Compound 5 (344 mg, 858 µmol) was coevaporated with anhydrous pyridine three times, and then dissolved in anhydrous pyridine (5 mL). The solution was cooled in an ice bath, and then isobutyryl chloride (108 µL, 1.03 mmol) was added. The ice bath was removed, and the reaction mixture was stirred for 1 h at room temperature. The reaction mixture was diluted with ethyl acetate (100 mL), and the organic layer was washed with saturated NaHCO3 (100 mL × 2) and brine (100 mL × 1), and then was dried over Na2SO4. The solvent was evaporated in vacuo. The residue was co-evaporated with toluene three times, and the product was purified with silica gel column chromatography with a stepwise gradient of 20%–60% ethyl acetate in hexane. The fractions containing the product were evaporated to give a white solid. Yield 357 mg (759 µmol, 88%).
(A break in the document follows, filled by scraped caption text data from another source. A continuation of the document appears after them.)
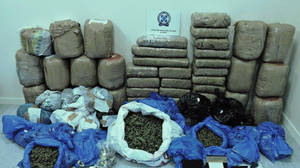 Κεραμεικός: Οι δέκα συλλήψεις των ναρκέμπορων και οι κρυψώνες στη γυψοσανίδα - Φωτογραφία 1
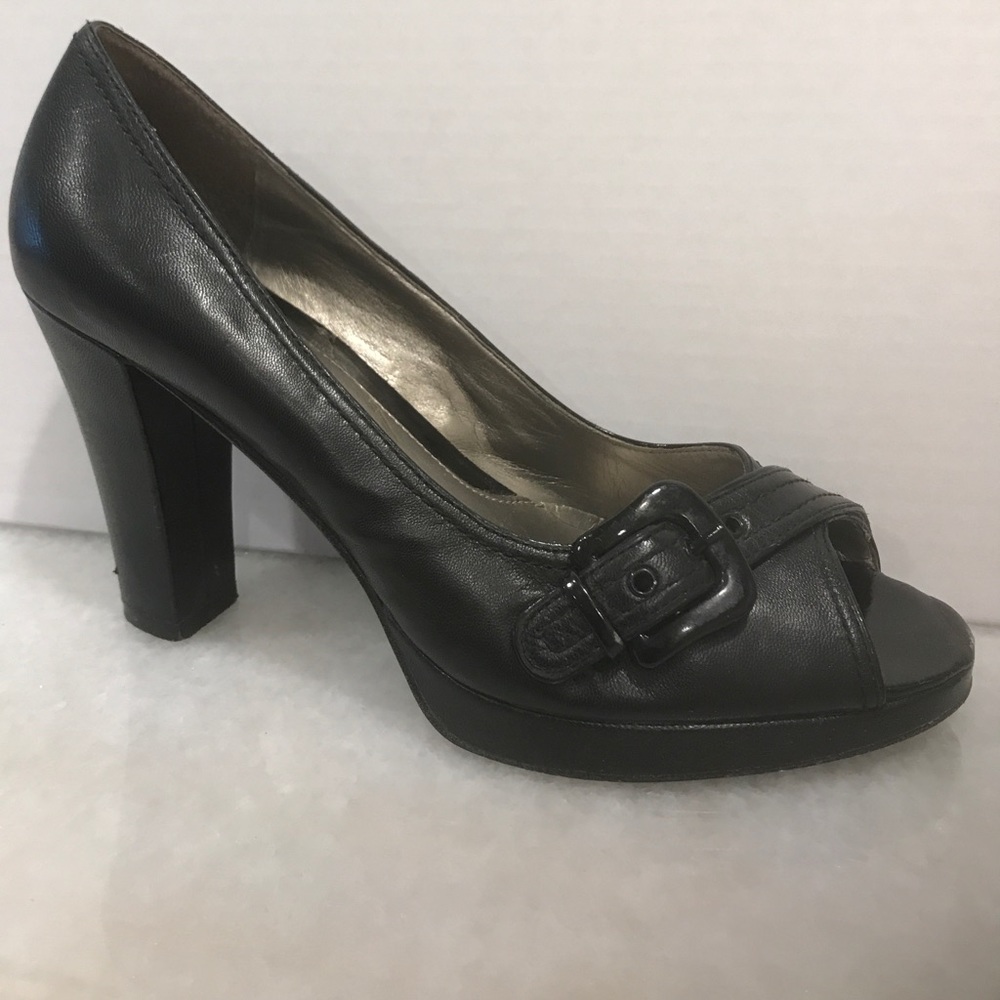 Bandolino Black Leather Heels with Buckle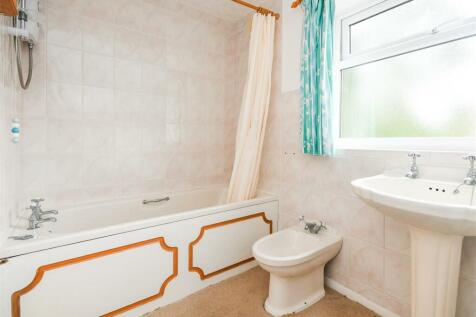 16 Woodlands Road - Bathroom.jpg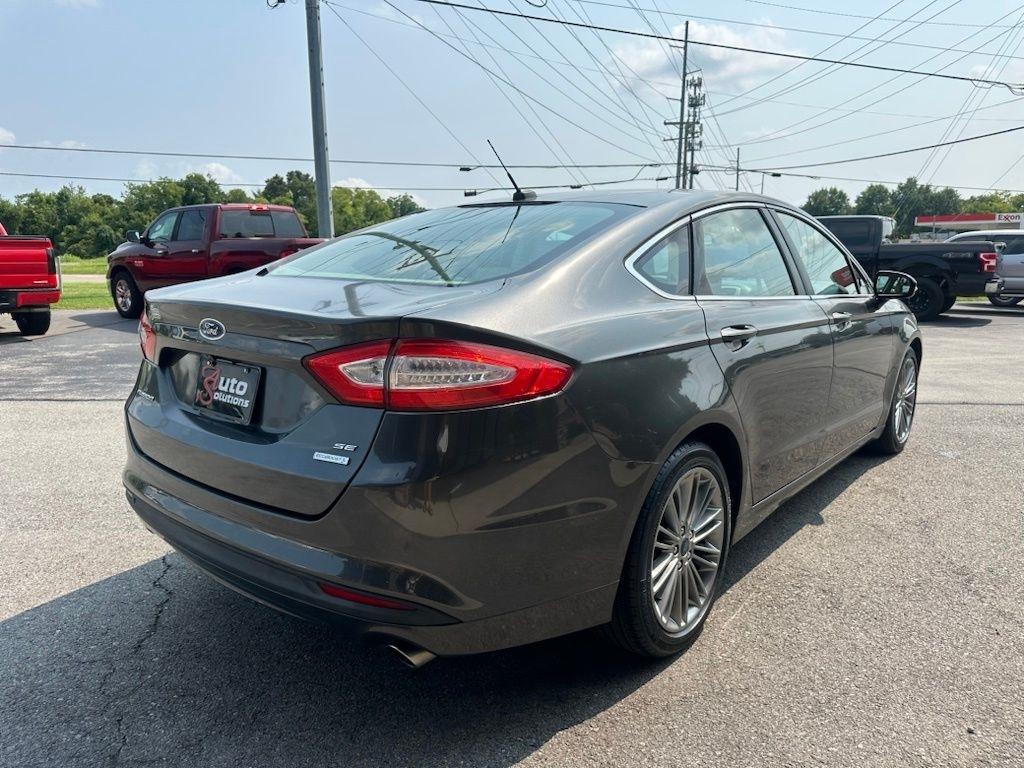 Ford Fusion 4dr Sdn SE FWD 2015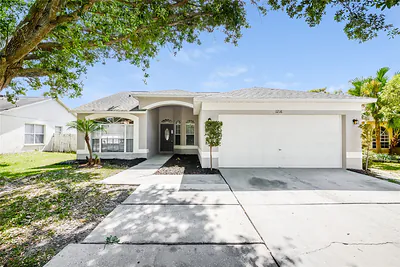 1216 GRASSY MEADOW PLACE Brandon FL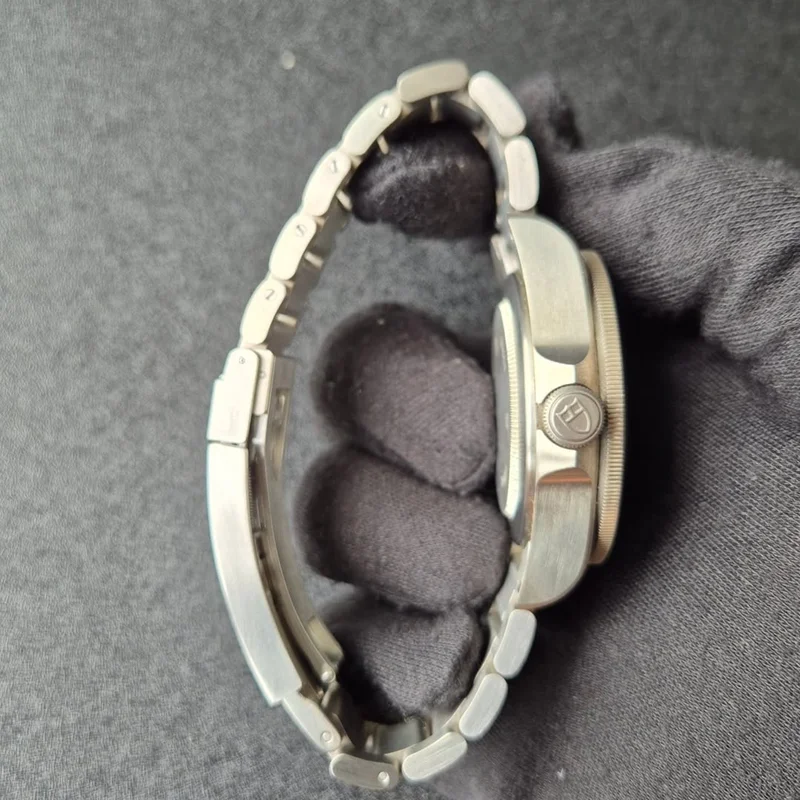 Thumb Pelagos Titanium / Black / Bracelet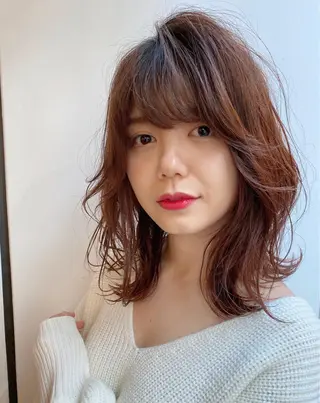 ミディアム カラー レイヤーと顔まわり 大好き❣️関口拓馬のヘアスタイル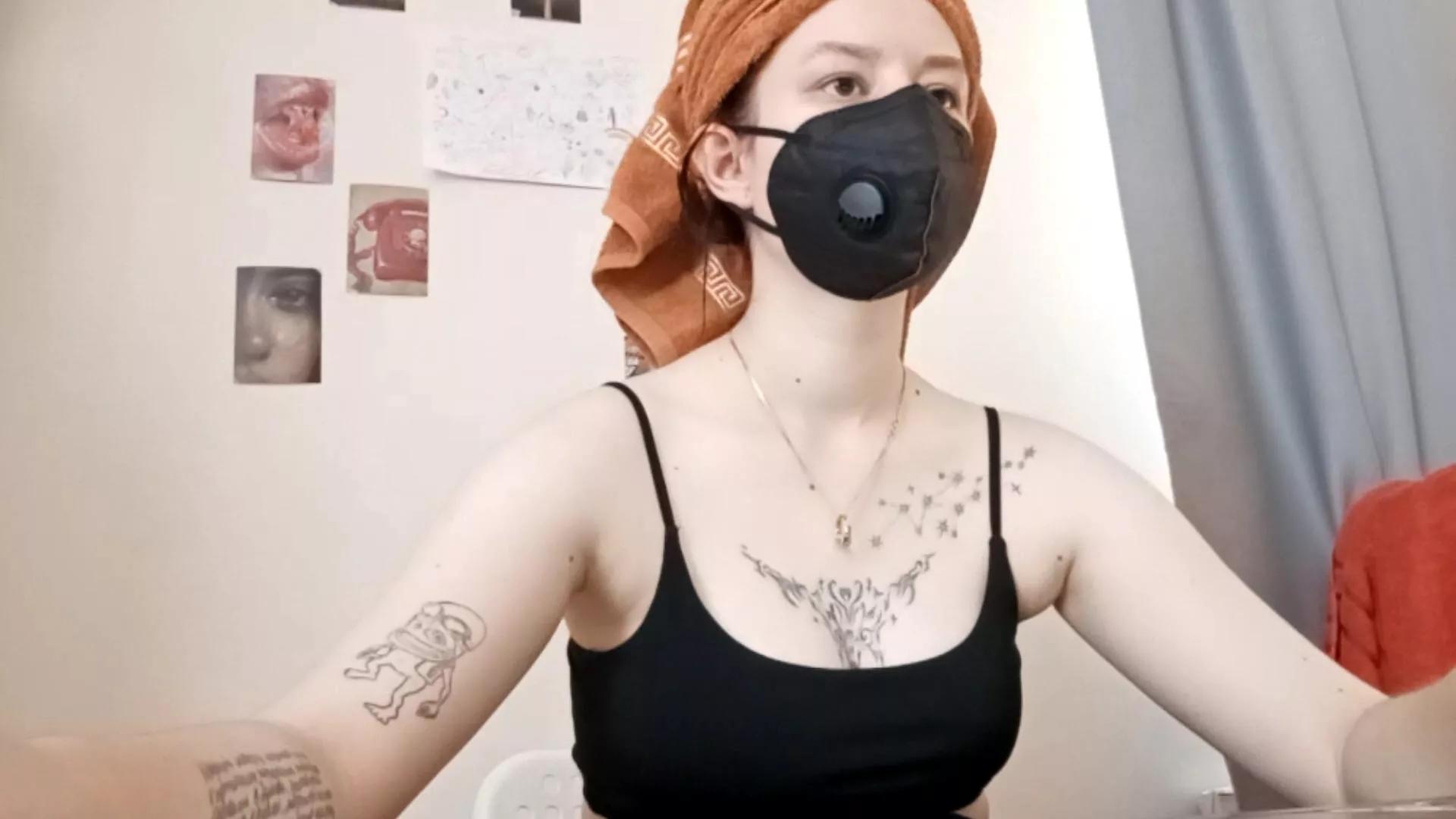 QueenieGriscom on Cam4 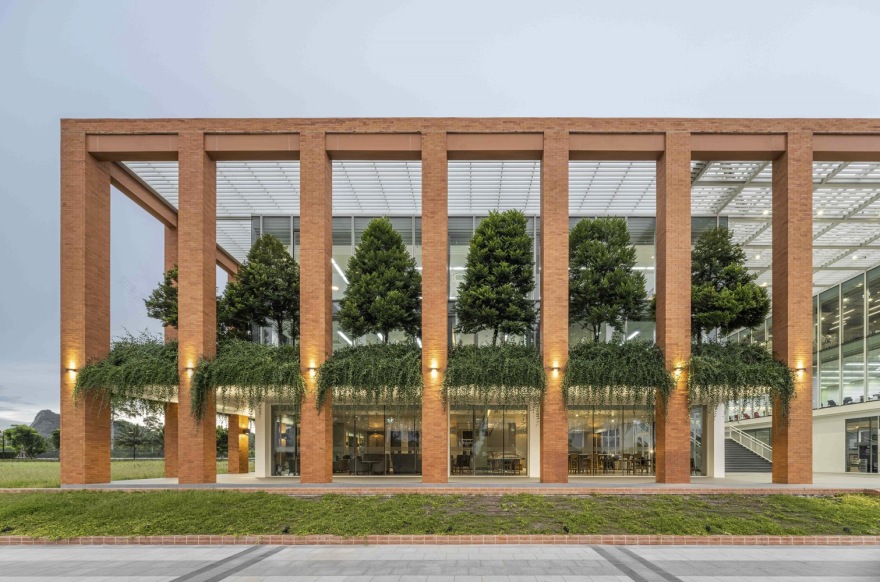 泰国 Panyapiwat 管理学院 Eec 校区丨建筑师 49-17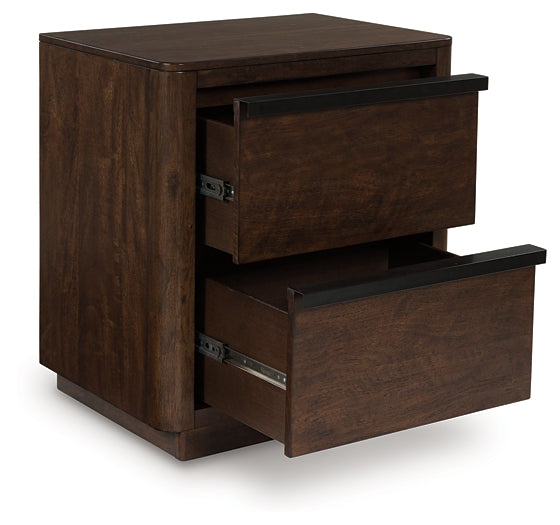 Dilenno Queen Canopy Bed with Mirrored Dresser and Nightstand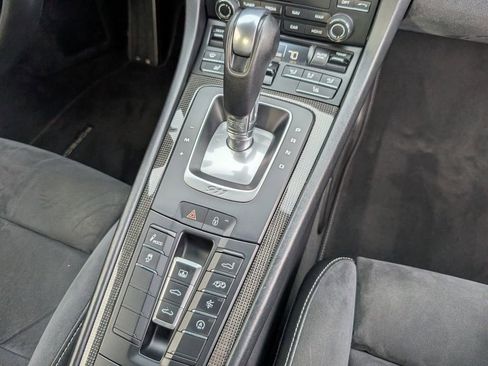 Used 2018 Porsche 911 Carrera GTS image 15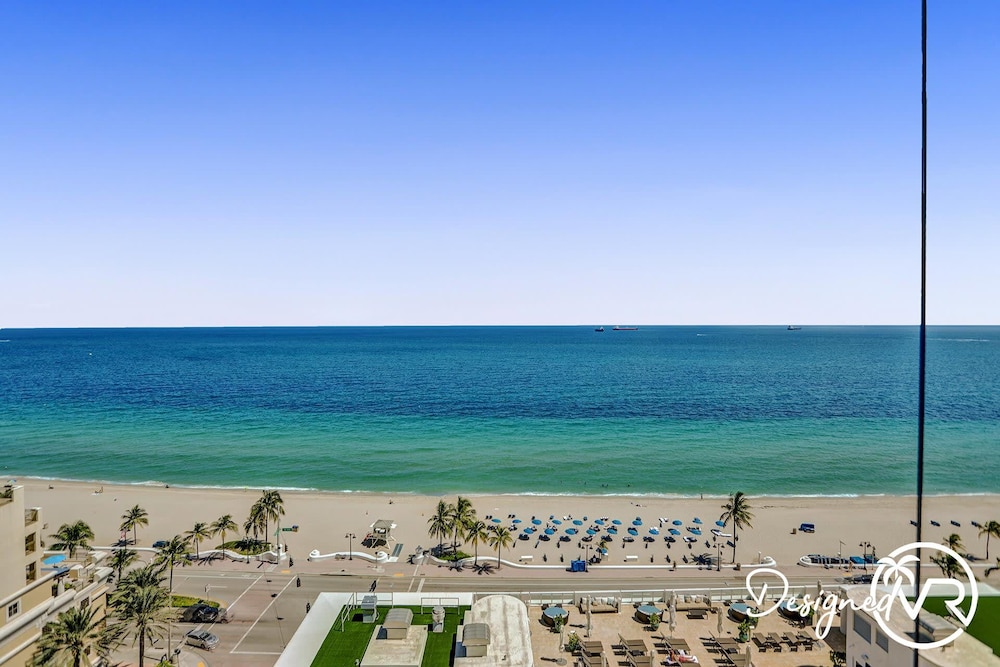 Stunning Beachfront Luxury- Your Perfect Getaway!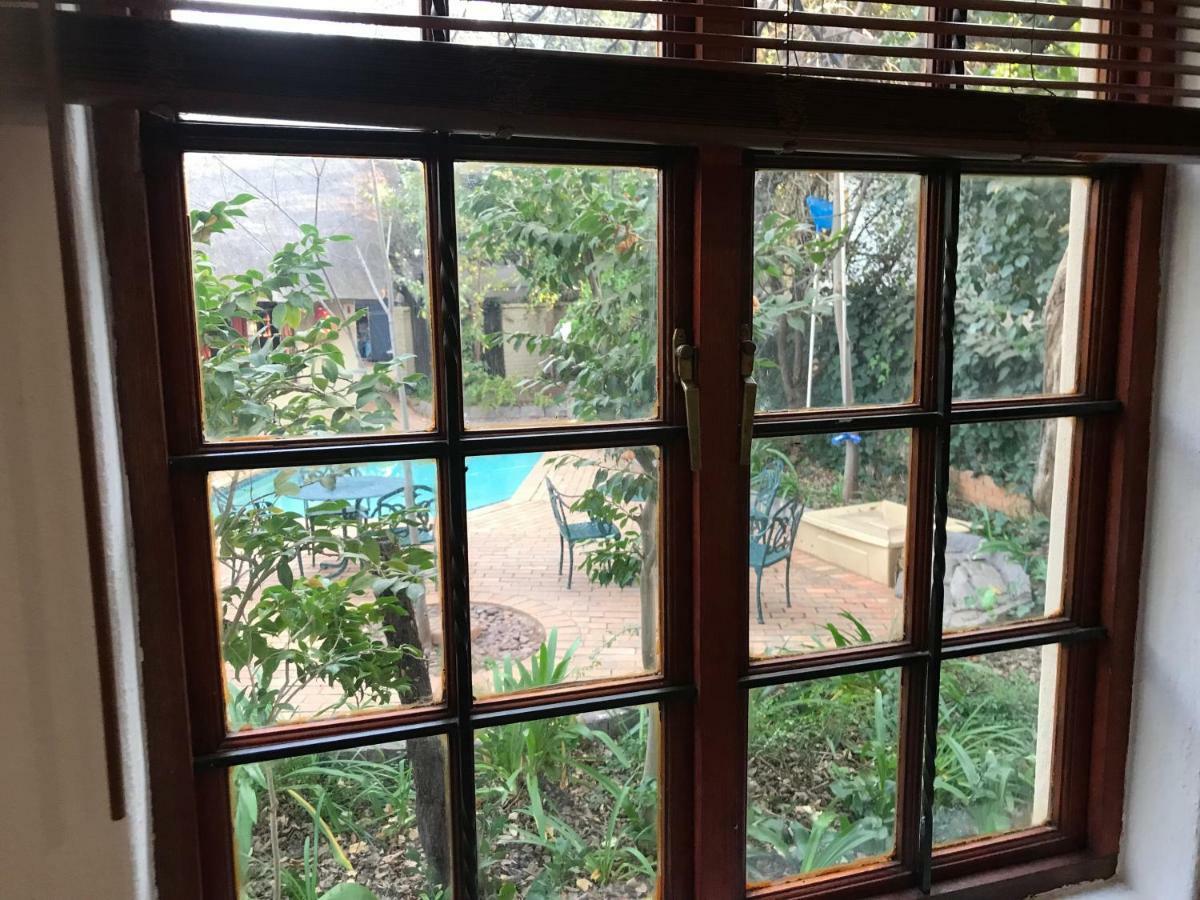 Greenwoods Self-Catering Pretoria-Noord Exteriör bild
TLC (hexane/ethyl acetate, 3:2) Rf 0.21. 1H-NMR (500 MHz, CDCl3) δ (ppm) 7.78 (s, 1H), 7.72 (s, 1H), 6.13 (dt, J = 5.5 and 2.2 Hz, 1H), 5.84 (m, 2H), 5.64 (m, 1H), 3.70 (dd, J = 10 and 5.5 Hz, 1H), 3.60 (dd, J = 10 and 5.5 Hz, 1H), 2.99 (m, 2H), 2.77 (dt, J = 13.5 and 8.8 Hz, 1H), 1.66 (m, 3H), 1.27 (s × 2, 3H × 2), 0.89 (s, 9H), 0.86 (m, 2H), 0.63 (m, 2H), 0.05 (s, 6H). FAB-HRMS m/z 471.2902 ([M + H]+, m/z 471.2904 calcd for C24H39O2N6Si) (See Figure S6).

4.2.3. Synthesis of N2-Isobutyryl-abacavir (7)

Compound 6 (344 mg, 732 µmol) was dissolved in anhydrous THF (5 mL), and the solution was cooled in an ice bath. TEA·3HF (447 µL, 2.93 mmol) was added to the solution. The ice bath was removed, and the reaction mixture was stirred overnight at room temperature. The reaction mixture was diluted with chloroform (100 mL), and the organic layer was washed with saturated NaHCO3 (100 mL × 2) and brine (100 mL × 1), and then was dried over Na2SO4. The solvent was evaporated in vacuo. The residue was co-evaporated with toluene three times, and the product was purified with silica gel column chromatography with a stepwise gradient of 0%–4% methanol in chloroform. The fractions containing the product were evaporated to give a white solid. Yield 231 mg (648 µmol, 89%). The product was dissolved in 20% methanol in chloroform (2.5 mL), and the solution was dropped into the mixture of hexane and diethyl ether (50 mL, 1/1, v/v) to give a white powdery product. TLC (CHCl3/MeOH, 10:1) Rf 0.29. 1H-NMR (500 MHz, CDCl3) δ (ppm) 7.79 (s, 1H), 7.71 (s, 1H), 6.14 (dt, J = 5.5 and 2.2 Hz, 1H), 5.91 (br, 1H), 5.86 (dt, J = 5.5 and 2.2 Hz, 1H), 5.58 (m, 1H), 3.84 (m, 1H), 3.72 (m, 1H), 3.09 (m, 1H), 3.03 (br, 1H), 2.80 (dt, J = 14 and 9.2 Hz, 1H), 2.01 (dt, J = 14 and 6 Hz, 1H), 1.27 (s, 3H), 1.26 (s, 3H), 0.87 (m, 2H), 0.63 (m, 2H). FAB-HRMS m/z 357.2037 ([M + H]+, m/z 357.2039 calcd for C18H25O2N6) (See Figure S7).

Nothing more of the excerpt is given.